Austin Scott (Rutgers)
Quick Facts
Biography
Austin Scott (August 10, 1848 – August 15, 1922) was the tenth President of Rutgers College (now Rutgers University), serving from 1891 to 1906.
Biography
Scott was born in Toledo, Ohio, to Jeremiah Austin Scott and Sarah Remey. His birth name was Frank Austin Scott, but he eventually dropped the use of his first name.
Scott received a baccalaureate degree from Yale College in 1869 and earned a Master of Arts (M.A.) from the University of Michigan in 1870.

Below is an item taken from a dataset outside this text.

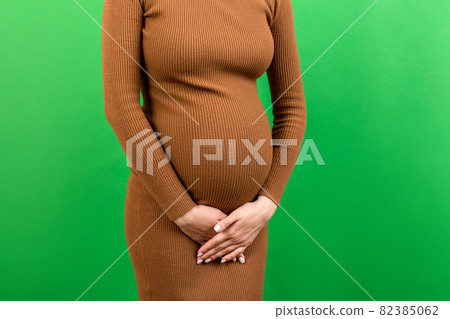 urinary incontinence during pregnancy. Abdominal pain during pregnancy. Maternity healthcare concept on colored background 82385062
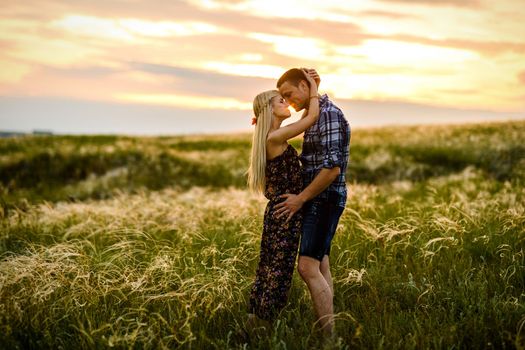 couple in love blonde girl and guy in the grass at sunset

Scott studied at the University of Berlin and the University of Leipzig, receiving a Doctor of Philosophy (Ph.D.) from Leipzig in 1873. While in Germany, he assisted the historian George Bancroft, then American minister to Germany, in preparing the tenth volume of History of the United States. He was also charged with the responsibility of carrying dispatches to Washington, DC, with the decisions of William I, German Emperor. On his return to the United States, Scott was a German instructor at the University of Michigan from 1873 to 1875, and then, for seven years, an associate in history at Johns Hopkins University. During this period he continued as assistant to Bancroft, assembling and arranging historical material for his History of the Constitution of the United States.
In 1882, Scott married Anna Prentiss Stearns and they had seven children.
In 1883, Scott was appointed to the faculty of Rutgers College as a Professor of History, Political Economy, and Constitutional Law, and was elected to succeed Merrill Edward Gates in 1891.
During Scott's tenure, Rutgers received a generous gift from Robert Francis Ballantine (1836–1905), a wealthy brewer from Newark, New Jersey, and College Trustee, to construct a gymnasium on the campus. A private gift from Ralph and Elizabeth Rodman Voorhees provided funds for the construction of a library to replace the overcrowded one established in the Kirkpatrick Chapel in 1873. By 1906, Scott resigned as President and returned to teaching political science, constitutional law, international law and civics. For sixteen years he carried on his teaching and provided administrative assistance to his successor, William H. S. Demarest.
Scott served as the Mayor of New Brunswick, New Jersey from 1912 to 1915. He died in Granville, Massachusetts, in 1922 at his summer home. His widow died on January 23, 1933.